▸ TRY IT: Except for images, print the whole listing verbatim.

▸ GIVEN INFORMATION:
---+---
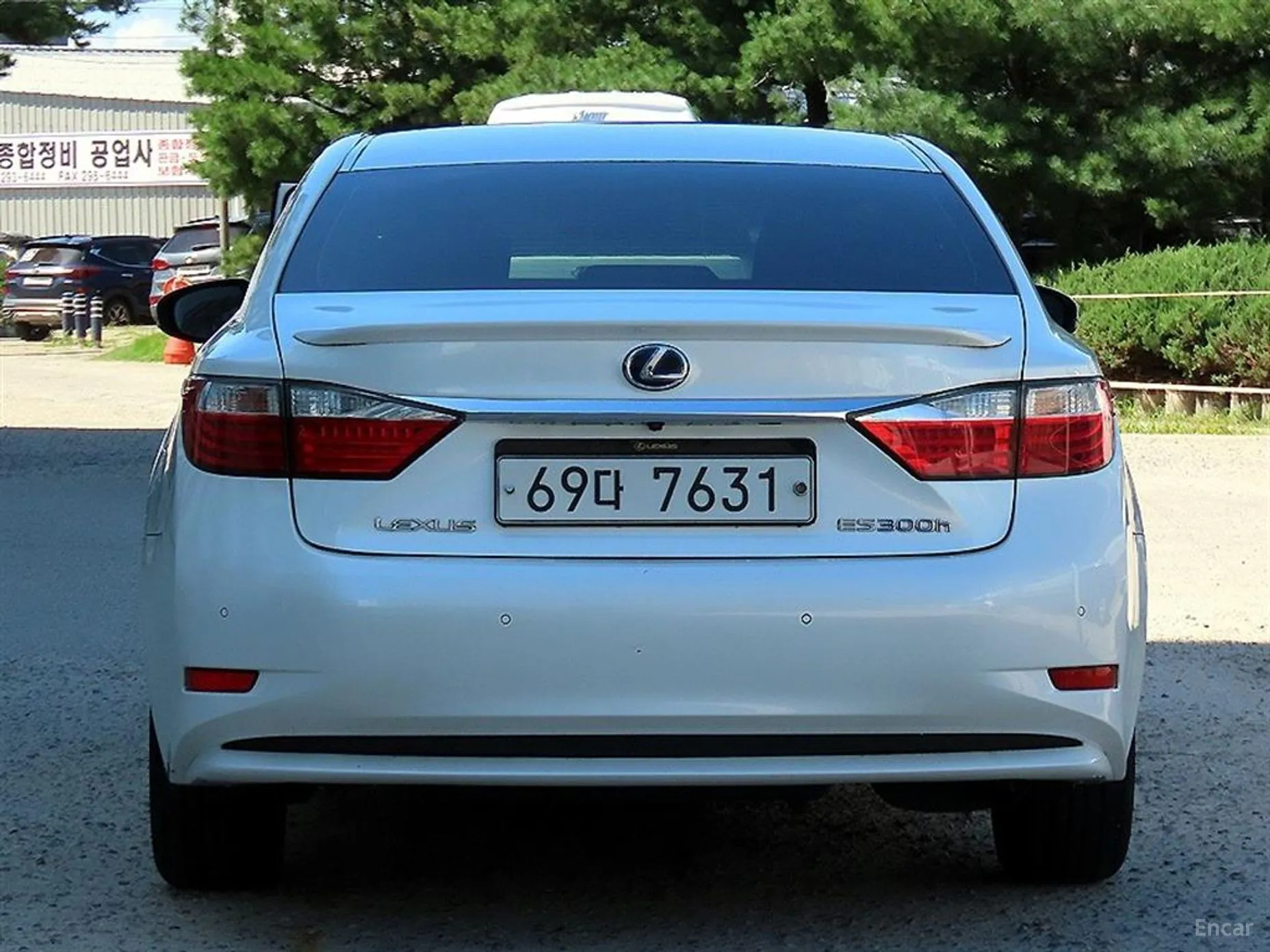 Lexus New ES300h превью 4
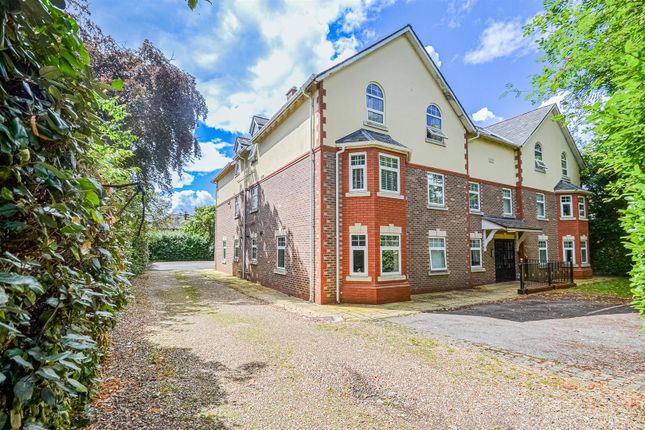 Thumbnail Flat to rent in Whitefield Road, Stockton Heath, Warrington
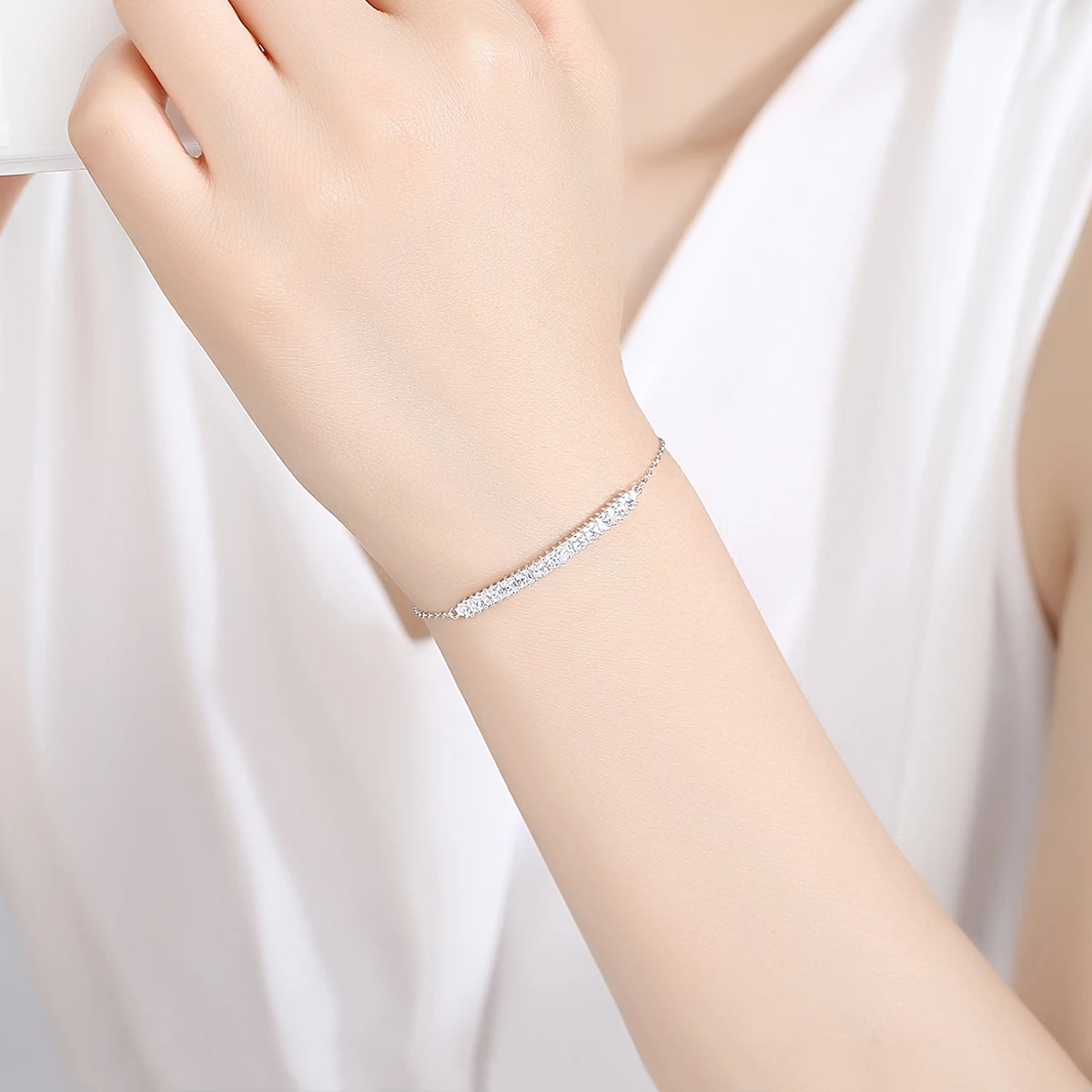 CZCITY Cubic Zirconia Cross Charm 925 Sterling High Quality Woman Summer Sliver Adjustable Chain Bracelet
---+---
▸ SOLUTION TO THE PROBLEM:
 Lexus New ES300h превью 4
 Thumbnail Flat to rent in Whitefield Road, Stockton Heath, Warrington
 CZCITY Cubic Zirconia Cross Charm 925 Sterling High Quality Woman Summer Sliver Adjustable Chain Bracelet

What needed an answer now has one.